# Технологии и коммуникации > Компьютерные игры > Action >  Grand Theft Auto: San-Andreas

## Patron

*Grand Theft Auto: San Andreas*


*Жанр:* Action/Racing
*Разработчик:* [Скрытая ссылка. Необходима регистрация. ]
*Издатель:* [Скрытая ссылка. Необходима регистрация. ]
*Издатель в России:* [Скрытая ссылка. Необходима регистрация. ]
*Количество CD:* 1 DVD
*Релиз:* 7 июня 2005 года(США), 9 июня(Европа)
[Скрытая ссылка. Необходима регистрация. ]

*Системные требования:*
Минимальные:
1GMHz, 256Mb Ram, 3.6 GB, 64 MB, Widows 2000/ME/XP;

Рекомендуемые:
2400 MHz, 512 Mb Ram, 3.6 GB, 128 MB, Widows 2000/ME/XP;

*Об игре*Пять лет назад Carl Johnson покинул родные края из-за гибели младшего брата. Старший же брат по имени Свит решил перевалить все с больной головы на здоровую и обвинил во всем Карла. Так некогда дружная семья окончательно распалась. Но неожиданная кончина больной матери заставила Карла пересилить себя и приехать на похороны. Здесь-то он и узнает много интересного. Его сестра Кэнделл тоже поругалась со Свитом, а мощная криминальная группировка, более известная под именем «Orange Grove Family» подрастеряла былую силу и еле-еле защищается от наседающих со всех сторон конкурентов. К тому же за Карлом начали охоту двое продажных полицейских, желающих, во что бы то ни стало посадить героя за решетку. Штат Сан-Андреас приблизительно в 5 раз больше, чем Вайс Сити (город предедущей игры из серии GTA). Три его крупнейших мегаполиса – Лос Сантос, Сан Фиерро, Лас Вентурас – являются виртуальными прототипами настоящих американских городов (Лос-Анджелеса, Сан-Франциско и Лас-Вегаса соответственно). Ты сможешь вдоволь насладиться их достопримечательностями, уникальным архитектурным стилем, местными блюдами и прочувствовать неповторимую атмосферу.

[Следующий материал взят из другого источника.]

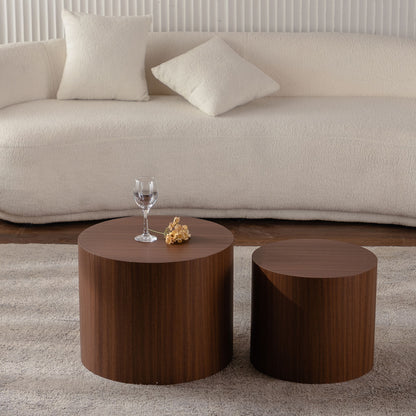 Modern Round Nesting Coffee Table (Set of 2)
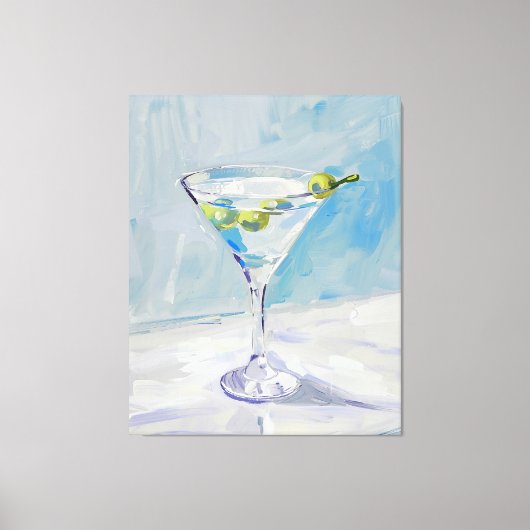 Martini Painting Canvas Leinwanddruck (Vorderseite)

*Описание*Действие игры происходит в 1992 году, во времена расцвета преступности в мегаполисах Калифорнии. Игрок управляет главным героем по имени Карл «CJ» Джонсон (англ. Carl Johnson), афроамериканцем в возрасте около 25 лет. CJ вернулся в Лос-Сантос (англ. Los Santos) после пяти лет жизни в Либерти-Сити (англ. Liberty City). Карл уехал из Лос-Сантоса из-за смерти младшего брата Брайана, в которой его винил старший брат Шон (кличка «Sweet» или "Свит"). В город он приехал на похороны убитой матери. Дома CJ обнаружил, что и в семье, и в его старой банде, «Grove Street Families» (названной так по исконной территории, улице Grove Street) царит полный разлад, и был вынужден остаться.

Персонажи
[Скрытая ссылка. Необходима регистрация. ]
_Главный герой рисует граффити_Огромный открытый игровой мир и разнообразие окружения позволили разработчикам включить в игру заметно больше стилей и интересных историй, чем в GTA III или Vice City, что коснулось и персонажей.

Главной темой этапа игры, проходящего в Лос-Сантосе, к примеру, является тема столкновений уличных банд, которые сражаются за территорию и влияние в городе. Одной из таких группировок является и банда CJ-я, куда кроме него входят: Шон «Sweet» Джонсон, сестра главного героя Кендл Джонсон, Мелвин «Big Smoke» (Биг Смоук), Харрис, Лэнс «Ryder» Уилсон и Джеффри «OG Loc» Кросс. В Лос-Сантосе Карл также знакомится с лидером вражеской группировки «Varrios Los Aztecas» Сизаром Виальпандо, бойфрендом его сестры Кендл, впоследствии ставшим лучшим другом Карла, и не раз сражается с другими бандами: «Ballas» и «Vagos».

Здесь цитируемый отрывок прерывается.